Hierarchical sedimentary architecture governs basin-scale solute dispersion: From pre-asymptotic dynamics to uncertainty propagation

Abstract. Real aquifers are structured as hierarchical sedimentary systems, where multi-scale heterogeneity and geometric connectivity jointly govern groundwater flow and solute migration. Although the general influence of heterogeneity has been extensively investigated, the scale-dependent effects of hierarchical organization, particularly under basin-scale flow conditions, remain inadequately quantified. In this study, we reconstructed a series of three-dimensional heterogeneous sedimentary architectures at the basin scale and performed numerical simulations to explore dispersion behavior. The results reveal that the geometry and connectivity of dominant lithofacies at macroform scales control macro-dispersion, while finer-scale heterogeneity has only a secondary influence on plume evolution. Furthermore, the evolution of macro-dispersion is characterized by a prolonged pre-asymptotic phase, far exceeding that observed at classical sites such as Borden, indicating that basin-scale solute transport remains non-ergodic over extended times and distances.
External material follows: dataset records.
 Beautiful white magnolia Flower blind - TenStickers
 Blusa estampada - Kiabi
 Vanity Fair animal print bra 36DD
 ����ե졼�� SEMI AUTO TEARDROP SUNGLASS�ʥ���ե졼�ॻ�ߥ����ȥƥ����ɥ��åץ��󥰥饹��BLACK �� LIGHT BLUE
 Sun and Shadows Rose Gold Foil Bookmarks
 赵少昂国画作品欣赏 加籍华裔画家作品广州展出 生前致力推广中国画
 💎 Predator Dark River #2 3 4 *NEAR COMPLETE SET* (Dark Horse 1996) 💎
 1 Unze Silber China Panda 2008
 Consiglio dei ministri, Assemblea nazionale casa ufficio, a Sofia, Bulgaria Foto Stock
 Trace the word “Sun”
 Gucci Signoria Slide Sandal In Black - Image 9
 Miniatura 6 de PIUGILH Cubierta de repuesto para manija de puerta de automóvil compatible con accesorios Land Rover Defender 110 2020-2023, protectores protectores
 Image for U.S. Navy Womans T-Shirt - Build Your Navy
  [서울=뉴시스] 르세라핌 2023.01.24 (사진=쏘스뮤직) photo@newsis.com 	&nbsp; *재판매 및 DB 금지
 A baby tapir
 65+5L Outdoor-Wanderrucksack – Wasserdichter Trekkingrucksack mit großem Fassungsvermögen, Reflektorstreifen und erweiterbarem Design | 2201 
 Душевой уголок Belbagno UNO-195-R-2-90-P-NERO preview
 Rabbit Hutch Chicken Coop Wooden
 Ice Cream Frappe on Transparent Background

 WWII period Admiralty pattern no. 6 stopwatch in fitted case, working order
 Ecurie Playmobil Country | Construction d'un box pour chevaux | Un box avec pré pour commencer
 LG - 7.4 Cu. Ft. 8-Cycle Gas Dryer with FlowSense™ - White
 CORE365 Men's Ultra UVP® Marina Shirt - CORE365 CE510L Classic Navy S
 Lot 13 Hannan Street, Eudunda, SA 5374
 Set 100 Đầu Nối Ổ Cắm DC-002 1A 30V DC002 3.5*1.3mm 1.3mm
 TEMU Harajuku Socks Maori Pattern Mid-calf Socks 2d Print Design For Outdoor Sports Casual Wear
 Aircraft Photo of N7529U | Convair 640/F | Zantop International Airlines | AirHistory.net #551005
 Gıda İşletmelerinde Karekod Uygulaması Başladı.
Uncertainty analysis further identifies a distinct buffering effect inherent to basin systems, in which the aggregation of numerous flow pathways dampens realization-to-realization variability caused by local heterogeneity. When integrated with previously reported laboratory- and sandbox-scale results from the same site, these findings establish a mechanistic and transferable framework linking hierarchical sedimentary architecture to multi-scale dispersion and uncertainty. This framework advances theoretical understanding of non-Fickian transport and provides practical guidance for large-scale modeling and groundwater management in data-limited regions.